I sit here in Fitzroy Gardens, on a balmy afternoon, breathing in the deep green. When I have felt lost or emotionally and physically barren, I have come here. When I have needed to suck in the oxygen, feel connected to life and living and it’s cycles, I have stopped and sat. Amongst the trees, the weather, the rustling, the air.

Nearly 41 years ago I was born in a room overlooking the gardens. Now I sit and contemplate the decision to give up using my own eggs to reproduce life, after two and a half years of trying through IVF. It was five and a half years ago while in my longest relationship that I decided it was time to try. That relationship ended. A new chance began with IVF. I don’t know what the next steps will be.

This park reminds me of the excitement of my first appointments with Melbourne IVF. The feelings of power and freedom I had at being lucky enough to access this technology. It reminds me of sitting and calming myself before procedures: the egg collections, the embryo transfers and the endoscopy.
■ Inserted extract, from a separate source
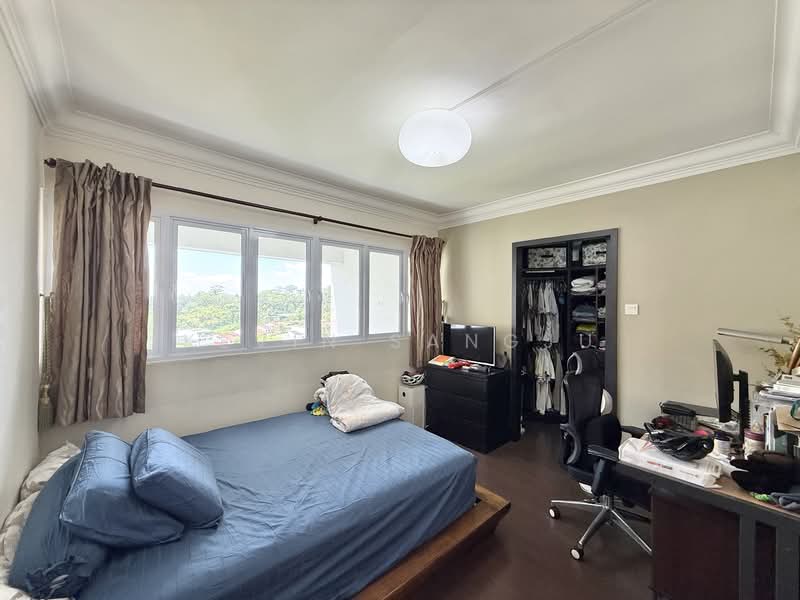 115 Clementi Street 13, 115 Clementi Street 13, 4 Bedrooms, 1,733 sqft, HDB Flat For Sale, by Kevin Sangju, 500154561 - Master Bedroom - PropertyGuru.com.sg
I have walked through it with mum, and with a friend. I have run through it. But mostly I have sat and just breathed in the life.

The park reminds me of two years ago, after a pregnancy failed, jumping off a train at Jolimont while on my way to work, because I could not control my sorrow. The positive pregnancy test was several days prior. It had been the day before Mother’s Day. I celebrated then with friends and family, who were over the moon. I was a little numb and nervous after four failed attempts, but went along for the ride. The due date was 17 January 2013 – my lucky year! I had spent a whole year going through IVF procedures. Of course I should celebrate. Now was my time.

But the pregnancy ended. First with cramps, then a blood test and the phone call: ‘Your hormone levels have dropped. It’s gone.’ It wasn’t even long enough to be called a miscarriage. Science can sometimes miss the point though. To someone who has spent so many hours, injected so many hormones, spent tens of thousands of dollars and lived in hope for so long, it’s a fucking miscarriage.

Five days later, my sister told me she was pregnant, due just before I had been. Words can’t explain what we both went through in that single moment – except my love for her and, now, my niece is that much stronger for having gone through it. Love can and does grow through the sharing of pain, all the time. And so did an appreciation for life created, by whatever means.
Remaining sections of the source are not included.